Roots and Wings (City Limits #1)(71)
“I don’t care if he went back to his wife, Rachelle. That has nothing to do with me.”
“It does, don’t you see? I’m back and I’m sorry.”
“You’re back? You were never here! It’s been months and now you just show up? What do you expect from me?”
I stood on the bottom step listening, knowing he probably heard me pull up anyway. Frankly, he probably heard me barrel ass out of the store parking lot. My truck was still too damn loud.
“The lady up town said you were with some Mutt girl.”

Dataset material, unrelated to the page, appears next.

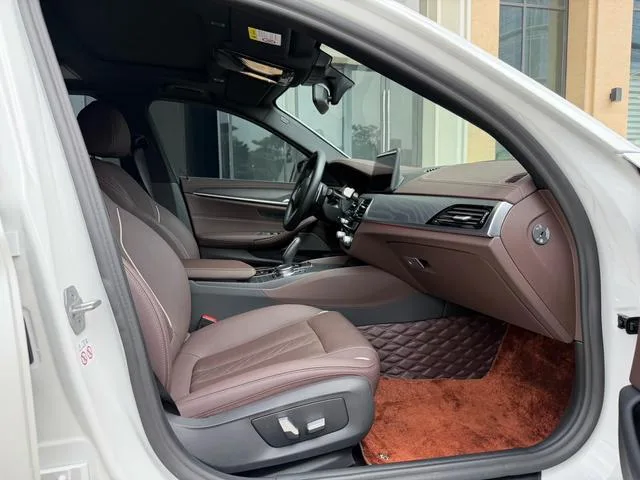 BMW 5 Series 2022 Second change 530Li Leading Type M Sports suit interior photo 19 BMW 5 Series 2022 Second change 530Li Leading Type M Sports suit interior photo 19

That’s when I said, from outside the door on the porch, “He’s been with me.” I opened the door and walked inside, head held high.
“Her?” she asked him, her voice thick with judgment. “You’re with her? Your name is Mutt?” she shouted in my direction.
I looked at his face, disgust from hearing her say Mutt all over it. He hated Mutt, but his reaction gave me a little hope.
Then I realized it wasn’t my fight, and he really only needed to deal with one crazy woman at a time. Everything was up to him.
I couldn’t sit around and watch. I wasn’t supposed to be there. I’d just been impulsive. Besides, what was I to say after all?
I’d left before he woke up, leaving without a note or a goodbye. I was no better than my f*cking mom. And if I couldn’t leave my dad yet, maybe he’d want to be with her anyway.
It was all his call. Still, I loved him.
“You, shut up,” I said to Rachelle, because I didn’t give a shit. Nobody gets away with talking to me like that. Never have.
Then I spoke to him. “Vaughn, I’m going to my cabin. When you’re done here … well, that’s where I’ll be.”
“You can’t tell me to shut up. This is my house.”
Yeah. I definitely needed to go or they were going to see a woman come unglued. But first, first I was going to tell her what I thought of that statement.
The house was hers? My ass.
“Your house, huh? Where do you keep the silverware? What breaker keeps Vaughn from getting the f*ck shocked out of him when he plugs too many things into the backsplash by the refrigerator? Where is the extra toilet paper? The clean towels? How many coats of paint did we put on this wall? Or that one? When was the last time the sheets were washed on your bed? This isn’t your house. And my name is Hannah.”
My adrenaline was making me feel like I was about to fly around the room, like a bird set free from a cage.
“Are you going to let her talk to me like that?” she asked Vaughn.
“She’s not wrong, Rachelle.” His tone was neutral.
I didn’t need to hang around for what was about to go down. I’d said my piece.
I just hoped that whatever he felt for her really was long gone. For his sake.
Also, having seen her I wondered, if he’d ever wanted her, how could he possibly want me? We were polar opposites. I’d never be like her, and she was nothing like the town tomboy I was. If that was what he was looking for I’d only be a disappointment when the newness wore off.
He could do better than both of us.
I got back into my truck and headed out to my cabin.
On one hand, if he didn’t show up, at least I’d have coffee to cry into, and my work was caught up so I could just wallow out there alone.
On the other hand, I could lose everything. Including things I wasn’t sure I was even ready for. Things I’d carelessly ran away from that very morning.
How had I ever thought she was what I wanted? The look on Rachelle’s face as Hannah asked her about the house was ugly in every way possible.
The way she sneered at Hannah as she spoke. As my strong, beautiful woman stood up for me.
The way Rachelle ignorantly looked down at her, having no clue how much she lacked in comparison to Hannah.
Every single point Hannah made was true.
“I’m sorry you drove all this way, but there isn’t anything for you here,” I told her. I didn’t need to be mean or callous toward Rachelle, I simply wanted her to leave. Just the same as she’d chosen to do months before.
“You’d really choose her over me?” she asked, her tone much calmer.
“I don’t have to choose. There is no you or her. It’s just her. Only her.”
She rolled her eyes, a truly unattractive trait of hers I never did like.
Leaned in the doorway of the kitchen, looking at her standing in my living room, I didn’t hesitate. “I think you better go.”
She gave me a doe-eyed, silent plea to reconsider, and it only made me shake my head.
After the moment passed, she huffed and marched toward the door, then turned around. But, before she could open her mouth to say whatever the hell she thought she needed to, I said it for both of us. “Goodbye.”
The door hadn’t even shut before I had my phone out dialing Hannah, but the battery died and my phone dropped the call.
Shit.
I went to find a pair of shoes to throw on, but the ones I usually left by the back door were gone.
She must have worn them earlier; she did that sometimes.
Wait.
I’d only been up a few minutes, but suddenly things weren’t adding up.
If she was just getting breakfast, then why didn’t she take my Escalade?